(Saved entries)
━━━━━━━━━━━━━━━━━━━━

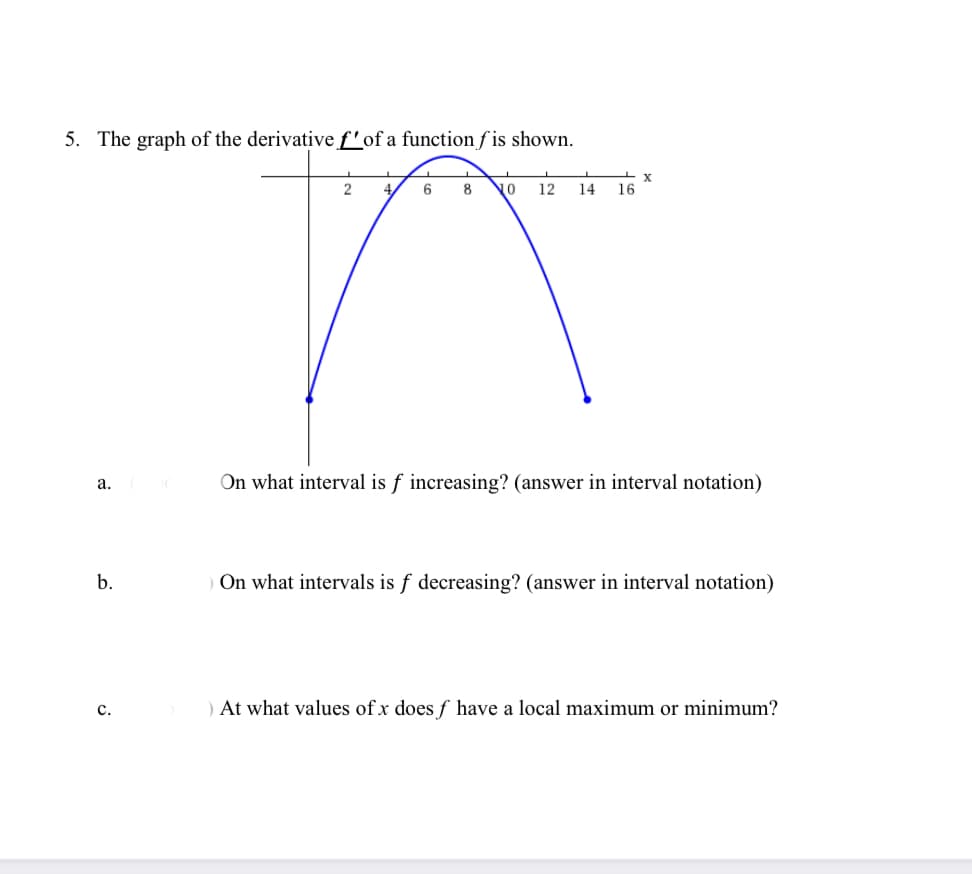 5. The graph of the derivative f'of a function f is shown.
4.
6.
8 No
12
14
16
On what interval is f increasing? (answer in interval notation)
a.
b.
On what intervals is f decreasing? (answer in interval notation)
) At what values of x does f have a local maximum or minimum?
с.
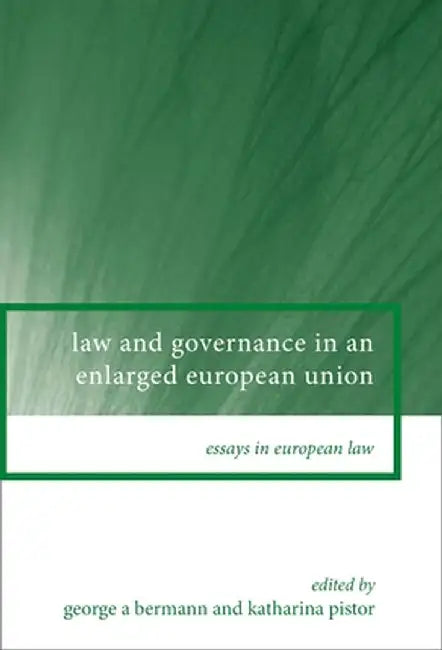 Law and Governance in an Enlarged European Union by Francois Buscot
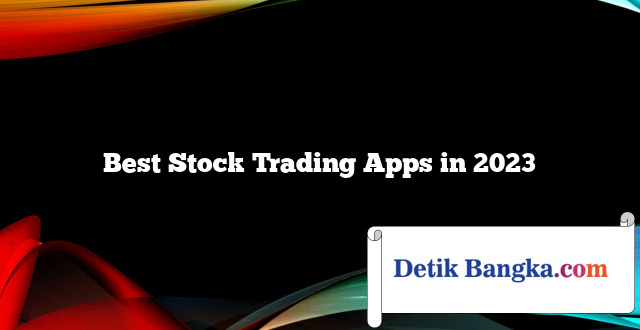 Best Stock Trading Apps in 2023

━━━━━━━━━━━━━━━━━━━━

=== TASK STATEMENT ===
So that the copy stays exact, reproduce each record word for word and leave its images out.

=== COMPLETED TASK ===
 5. The graph of the derivative f'of a function f is shown.
4.
6.
8 No
12
14
16
On what interval is f increasing? (answer in interval notation)
a.
b.
On what intervals is f decreasing? (answer in interval notation)
) At what values of x does f have a local maximum or minimum?
с.
 Law and Governance in an Enlarged European Union by Francois Buscot
 Best Stock Trading Apps in 2023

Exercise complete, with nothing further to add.